Debt charities are also reporting increases in the numbers of customers contacting them regarding payday loans. StepChange reported a 109% rise in 2012, compared to the previous year, in the number of its clients who held payday loans.


Raised standards give comsumer credit firms a chance to shine

The announcement that regulation of consumer credit will transfer from the Office of Fair Trading (OFT) to the Financial Conduct Authority (FCA) in April 2014 has provoked a range of reactions from the credit industry. Some may be looking forward to this with trepidation, noting that the FCA has wider enforcement powers and greater resources to supervise firms than the OFT, and that the FCA’s predecessor the Financial Services Authority (FSA) has imposed some very large fines in recent months. Others, however, see the change as an opportunity to improve the reputation of the credit industry.

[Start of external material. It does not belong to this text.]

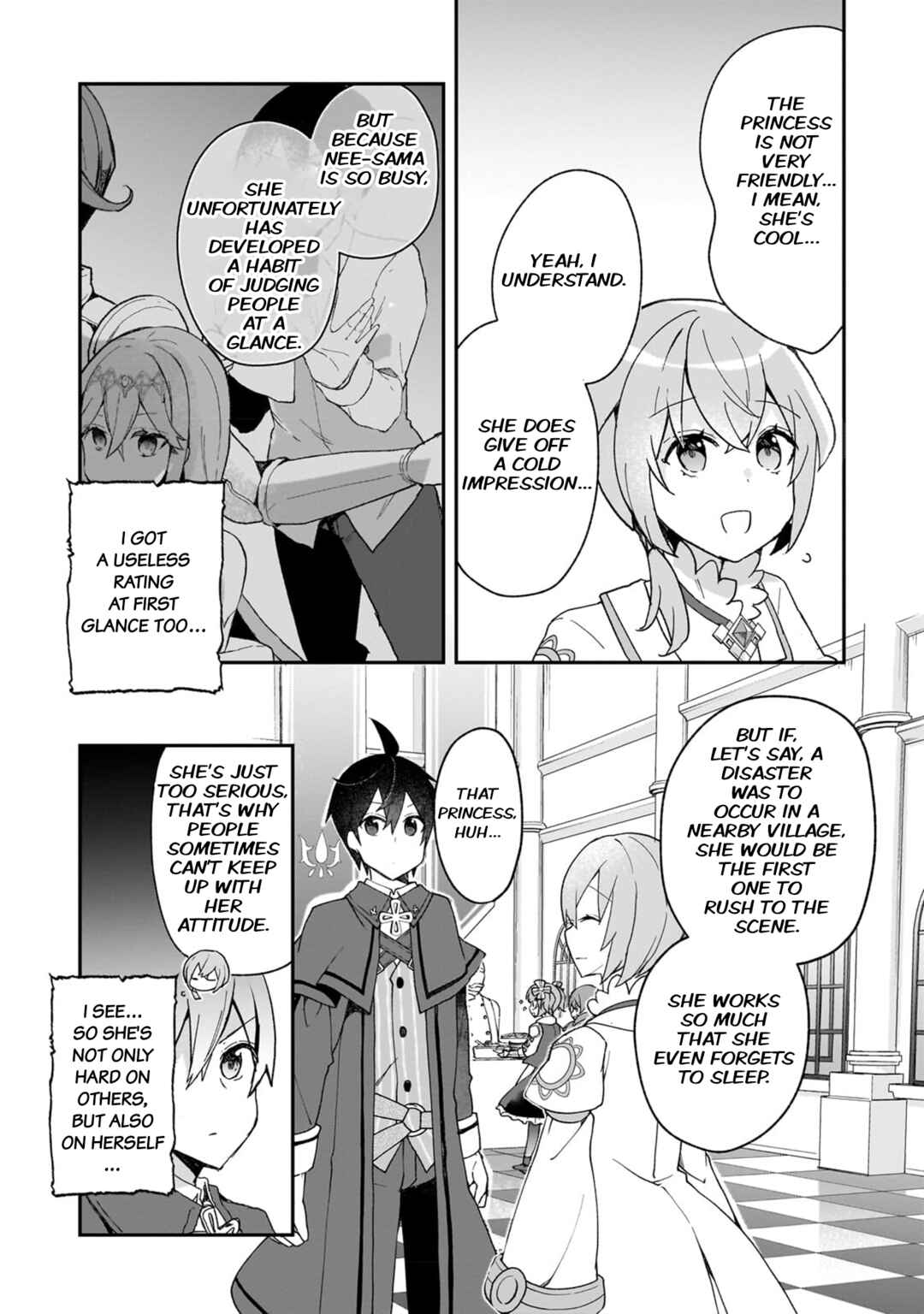 Page 26 Chapter 30 Shinja Zero no Megami-sama to Hajimeru Isekai Kouryaku - Classmate Saijaku no Mahou Tsukai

Firms in areas of financial services previously regulated by the FSA have been subject to FCA regulation since 1 April 2013, and while the rules remain largely the same, the FCA has been granted new powers which the FSA did not have, and these firms have been told that the culture of regulation will change. “The FCA will be more forward-looking, more focused on where firms are heading and more willing to step in if needed,” said FCA chief executive Martin Wheatley in a recent speech. So even for these firms, the regulatory landscape is changing.

An article appears in the May 2013 issue of Credit Today under the headline ‘Raised standards give us a chance to shine.’ In the article, Mark Broadstock, managing director of debt management company Smooth Group, looks forward to being able to demonstrate compliance with the FCA requirements.

He begins by welcoming the creation of the Prudential Regulation Authority and the Financial Policy Committee, which should allow the FCA to concentrate its efforts on monitoring firms’ conduct. “This will ensure that issues such as risk, compliance and treating customers fairly are given greater oversight and consideration,” commented Mr Broadstock.

He goes on to say: “I hope the FCA will be an organisation with teeth,” and expresses agreement with the new power granted to the regulator to ban problematic products.

However, Mr Broadstock also exercises a note of caution, by asking the FCA not to use this power so much that customers are left without access to vital products, and calls on the regulator to “have facts and balanced evidence to hand” before it intervenes in any area of the market.

Detailed rules for credit firms to follow under the new regime are yet to be published. An initial consultation on this issue ended on 1 May 2013, and it is expected that a more wide-ranging consultation will take place in autumn 2013. However, indications are that the rulebooks will be based around many of the requirements of the existing Consumer Credit Act and the OFT’s existing guidance.

Furthermore, not only do consumer credit firms have to comply with the Consumer Credit Act and with OFT guidance at present, but they also need to treat their customers fairly, otherwise they risk having complaints against them upheld by the Financial Ombudsman Service. So many of the same values promoted by the FCA already exist in well-run credit firms.

Generally speaking, firms who treat their customers fairly, who have rigorous internal controls, who keep up to date with regulatory developments and who seek compliance advice at an early stage when in doubt should have little to fear from FCA regulation.


Payday lenders lose appeal against licence withdrawal

Two linked payday lenders based in Brighton have been forced to cease trading. The First-Tier Tribunal rejected the appeals of B2B International UK Ltd and Loansdirect2u.com Ltd against an earlier decision by the Office of Fair Trading (OFT) to withdraw the firms’ Consumer Credit Licences. The OFT acted because an associate of both companies, Neil Evans, has a criminal record for fraud and violence, which he failed to disclose when applying for his licence. The OFT is likely to regard any applicant with convictions in these areas as unfit to practice in the consumer credit industry.

At the same hearing, the Tribunal also backed the OFT’s decision to refuse a licence application from VK Money Lifestyle, a company based in Hatfield which intended to offer debt management services. The OFT believed that VK did not have the necessary skills and expertise to operate in this area.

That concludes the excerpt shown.